Few of you, I think, will even be aware of the passing on January 1st of one of theatre and performance art's most underappreciated geniuses. I'm of course a long time admirer of Wyszchi, so I thought I’d set myself the (daunting) task of listing the works of his which have inspired and touched me the most. So in no particular order:
-His series of Shakespearean "Absence Plays" in which the lead character (or characters as in his Romeo and Juliet (1972)), were removed, meaning that there were extended pauses where the text of their soliloquies "should" be. This cycle reached its artistic zenith with his Hamlet (1981) in which all the speaking roles were excised save for Horatio, who played his part as normal through the four hour play despite having lines in only seven scenes. Audience response was mixed, but Wyszchi countered that they didn't understand the production's "singular, troubling poignancy and cost effectiveness."

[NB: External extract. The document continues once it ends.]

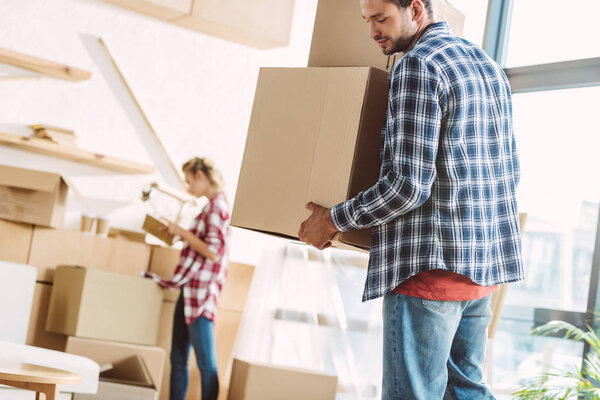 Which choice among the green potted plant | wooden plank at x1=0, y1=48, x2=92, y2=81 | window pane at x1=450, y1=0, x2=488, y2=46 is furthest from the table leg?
window pane at x1=450, y1=0, x2=488, y2=46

-His The Vanishing! trilogy (1973-76) explored in depth the philosophical question, familiar to all rehearsing actors, of where wallets, letters, swords, and other imaginary props "come from" during rehearsal, and where they "go" once given to other actors in the scene while blocking. He effectively asked: "when we, as actors and human beings engaged in imagined acts, give each other imagined pet rabbits onstage, and then release them because in five lines time we have to hug each other and we obviously can't have anything in our hands, where do those rabbits go, and isn't it time we paid attention to them?"
-After the painful break-up of his marriage to Julia Wyszchi following her decade-long affair with another man, he immediate cast them all in a three hour piece consisting entirely of the three of them on stage, being awkward and making tea for one another. Critics praised it as "quite uncomfortable."
He is of course most famous to the public for his year-long full- immersion projects, which included:
-spending all of 1969 on public transport using a single daytripper.
-Living the entire of 1970 darwinistically.
-In 1990 he didn't speak all year and, flattered by repeated calls for an encore, repeated the work three more times. The New York Times called it "a breath of fresh air".